__PROMPT__.
An exact reprint of the listing is required, with no pictures included.

__DATASET EXTRACT__.
=== Begin Enclosure ===
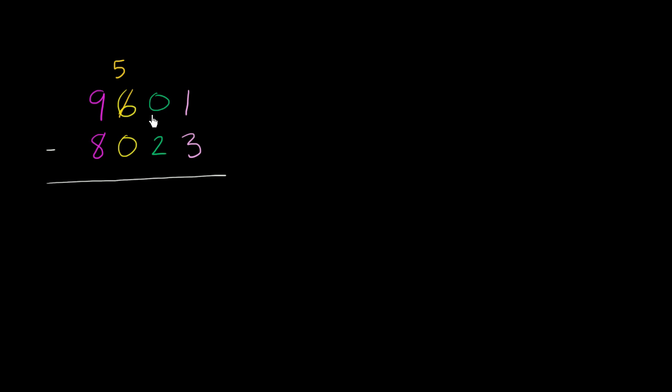Now, if we give 100 to the tens place, how would I represent that in the tens place? Well, I have 0 tens, and now I'm going to give 100. 100 is the same thing as 10 tens.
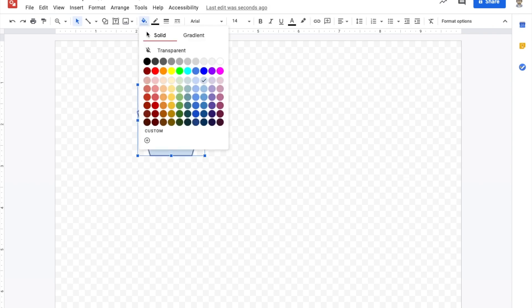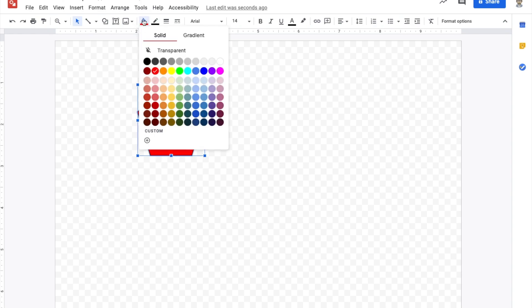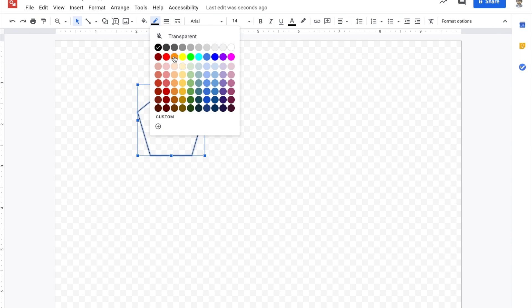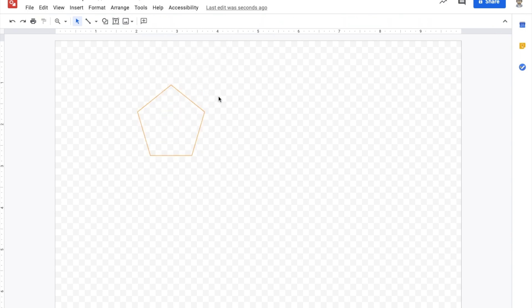Then you have options to change the color. You can make it transparent. You can also change the line color and you're good to go.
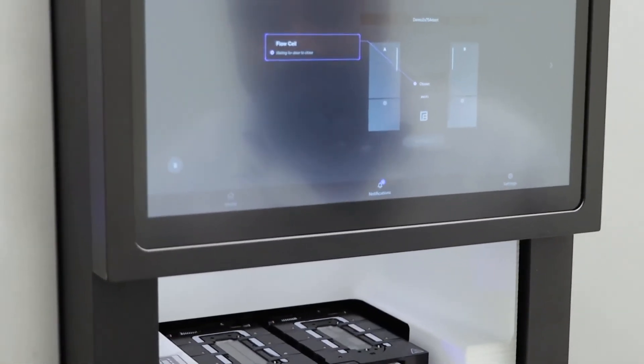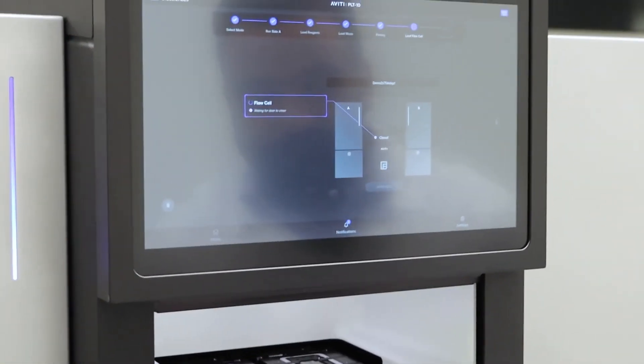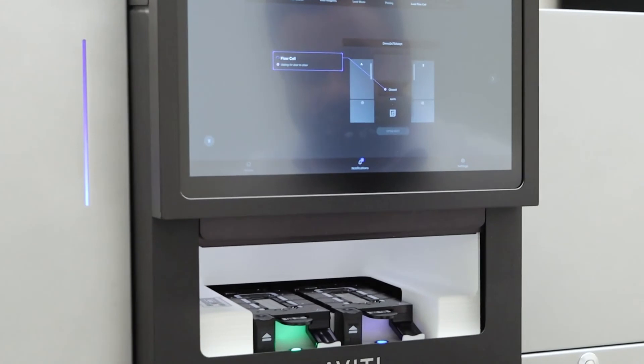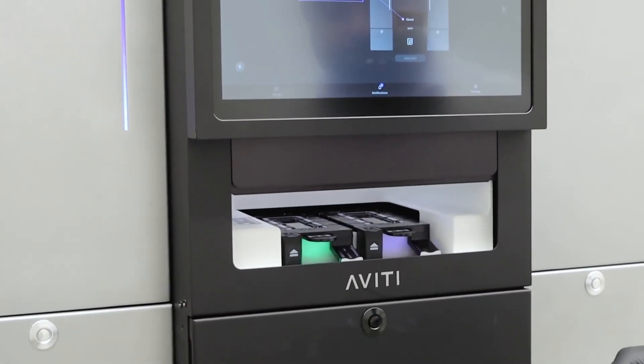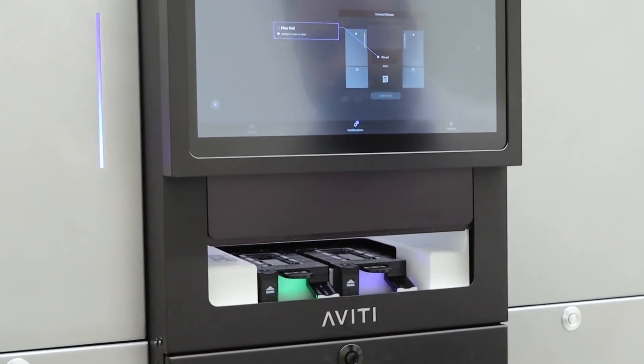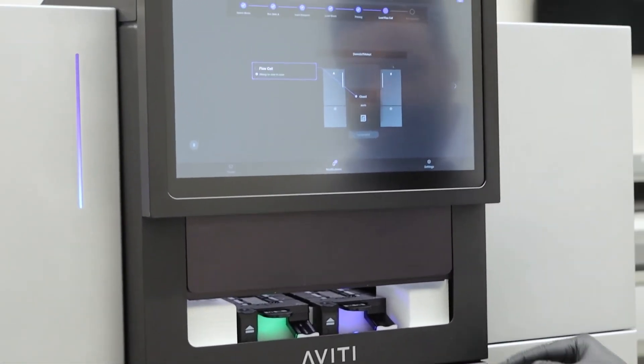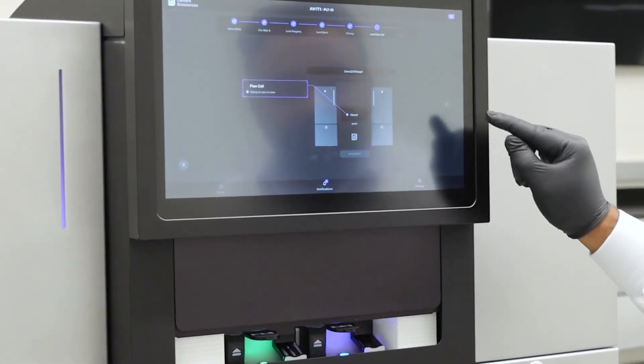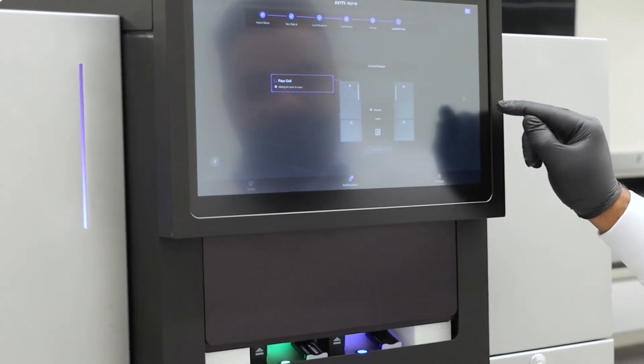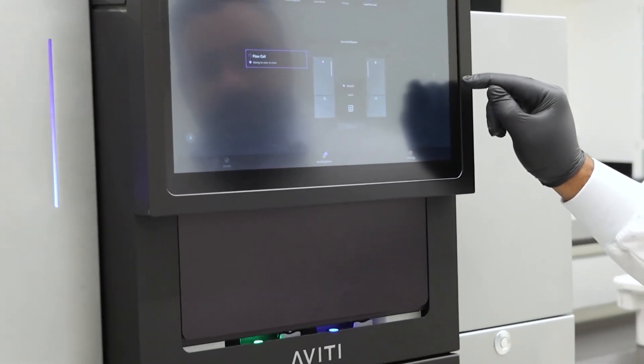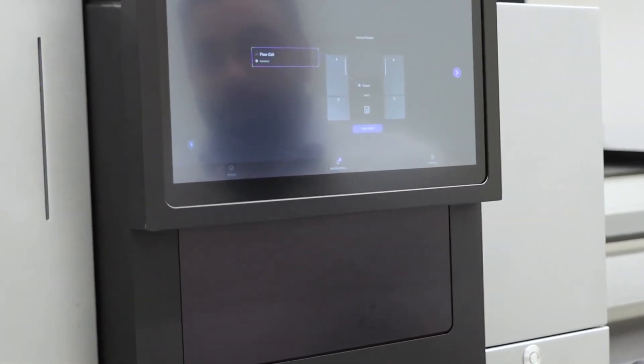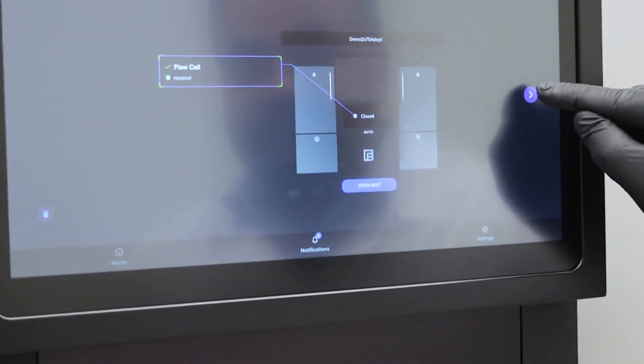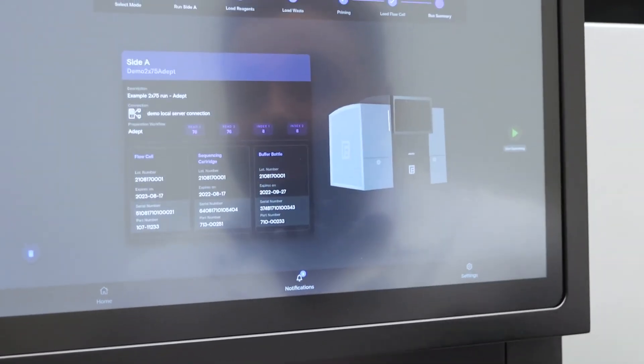Close the nest, to which then once successfully closed, you'll be prompted to move to the next step.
=== End Enclosure ===
__WRITTEN RESPONSE__.
Now, if we give 100 to the tens place, how would I represent that in the tens place? Well, I have 0 tens, and now I'm going to give 100. 100 is the same thing as 10 tens.
Then you have options to change the color. You can make it transparent. You can also change the line color and you're good to go.
Close the nest, to which then once successfully closed, you'll be prompted to move to the next step.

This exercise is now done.